This observational study proposes the existence of 3 groups of patients:
According to the authors, people with a good immediate response to injection in subacromial shoulder pain (those in the first group) can be managed conservatively with physiotherapy. Especially when they are younger, female and have more acute symptomatology. Those in groups 2 and 3 are thought to benefit more from surgery. However, this study had a sample of 64 adults, of whom only 11 progressed to surgery within 2 years post-injection. This is a low conversion rate and this was not the primary objective of this study. With the follow-up of only 12 weeks, the results cannot be generalized to longer term outcomes. Important to consider as well, is the observational design, which limits us to determine cause and effect. The authors have tried to explain variability in the SPADI outcomes. The model studied here explained 35% of the SPADI score at 12 weeks.
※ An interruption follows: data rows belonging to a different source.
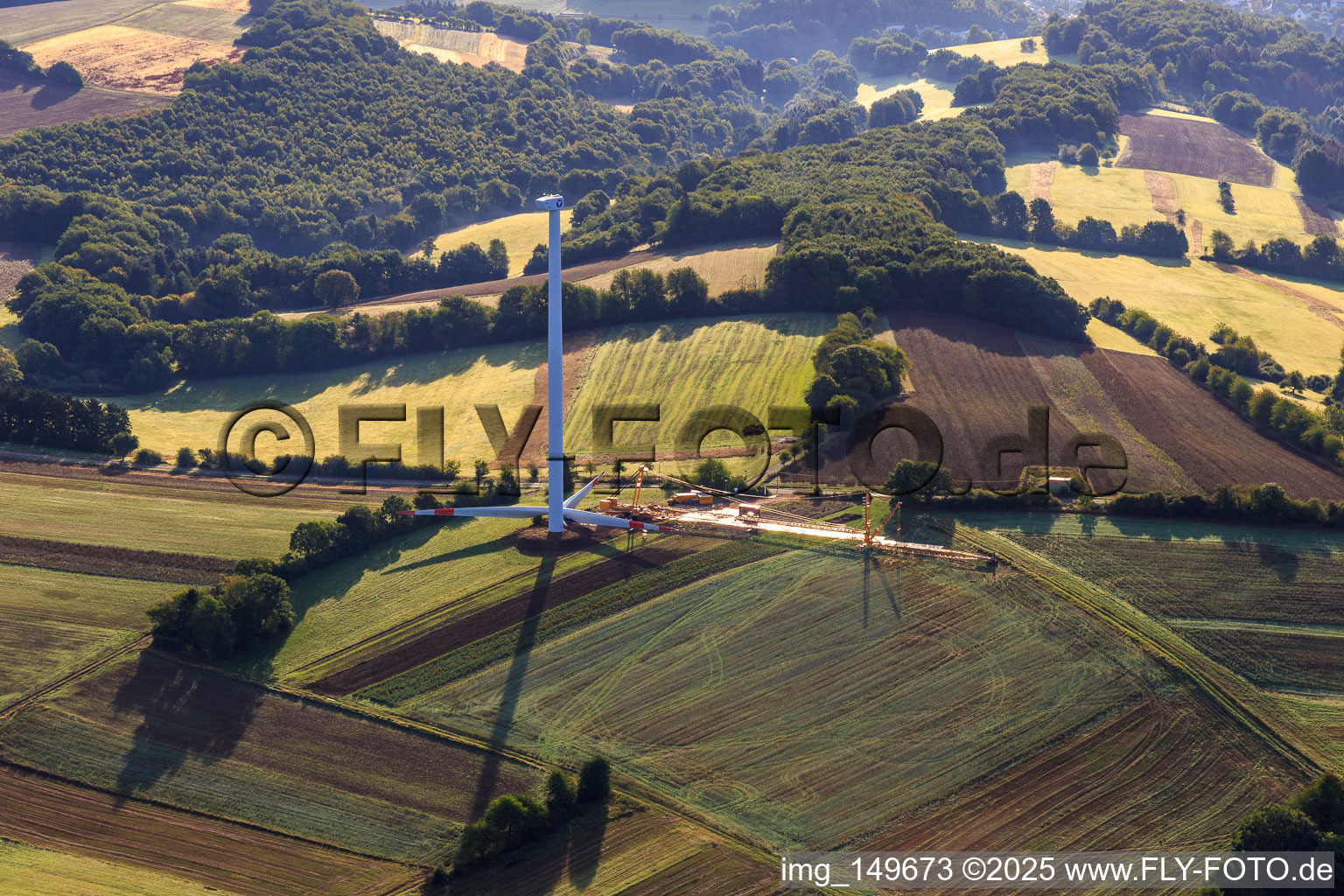 Repowering einer Windkraftanlage vor Montage der Rotoren im Ortsteil Sotzweiler in Tholey im Bundesland Saarland, Deutschland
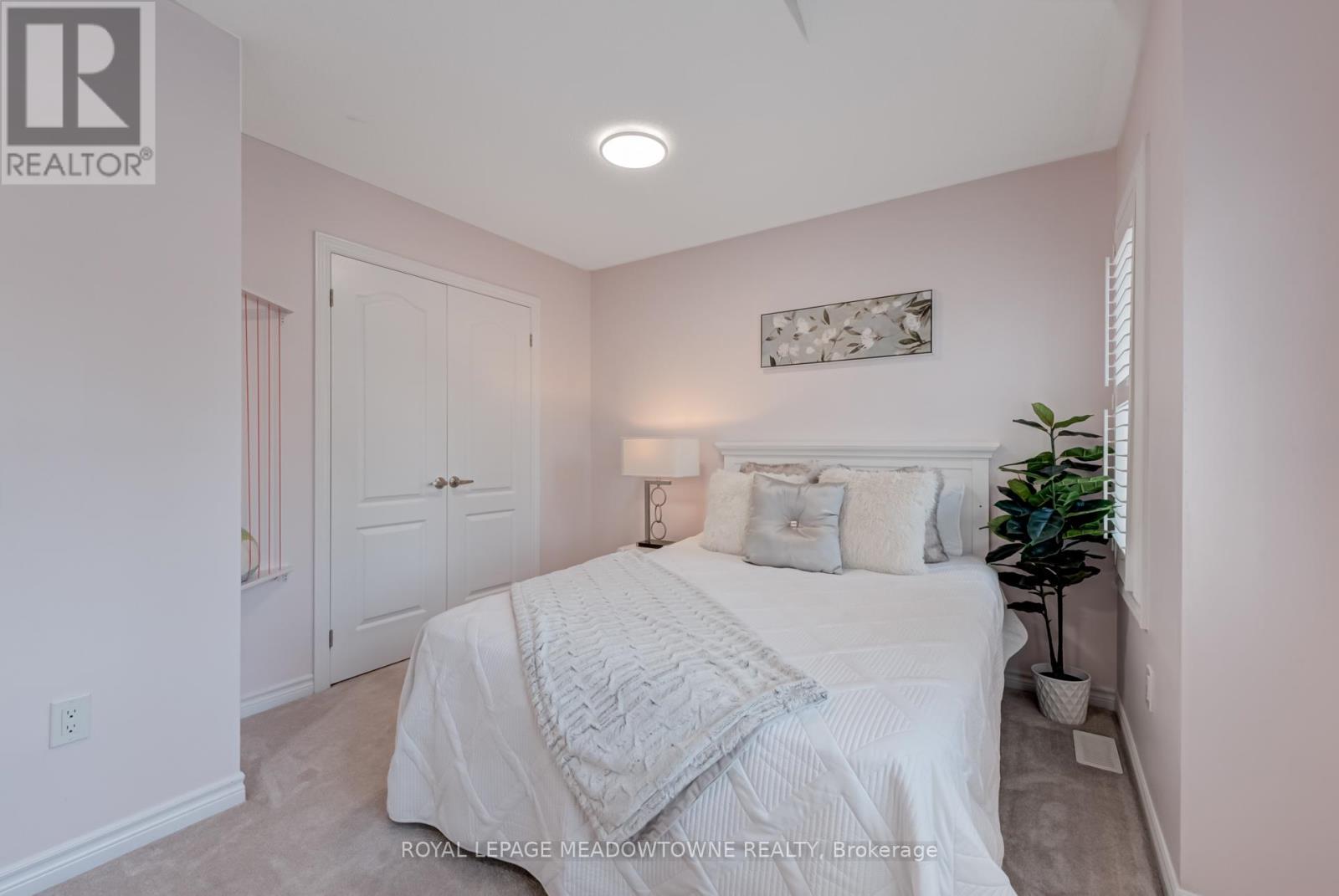 Photo 32 of 43 Ridgegate Crescent, Halton Hills ON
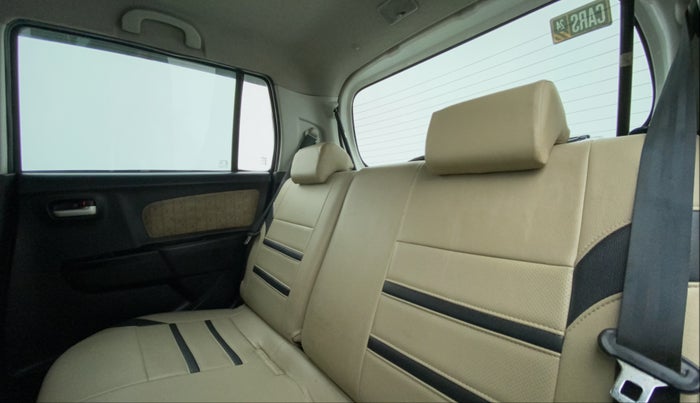 2017 Maruti Wagon R 1.0 VXI, CNG, Manual, 89,807 km, Right Side Rear Door Cabin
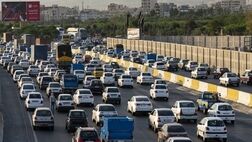 ترافیک سنگین در محورهای منتهی به تهران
Only 11.6% of the 12-week SPADI score was explained by the increase in pain-free ROM post-injection. This means that a lot of other factors have caused the SPADI to improve. Of note, at 6 weeks the only significant predictor for percent SPADI change was the change in maximal ROM.
It appears that shoulder function and disability improve gradually. It appears that first, maximal ROM is improved, and this is followed by improvements in pain-free ROM. Confounding factors like age, gender, baseline SPADI and duration of symptoms were also found to be significant predictors of the change in SPADI at 12 weeks.
People with a good immediate response to injection in subacromial shoulder pain are more likely to obtain better outcomes in shoulder pain and disability after 12 weeks. The increase in pain-free ROM immediately after and higher symptomatology are predictors of a better outcome in SPADI at twelve weeks.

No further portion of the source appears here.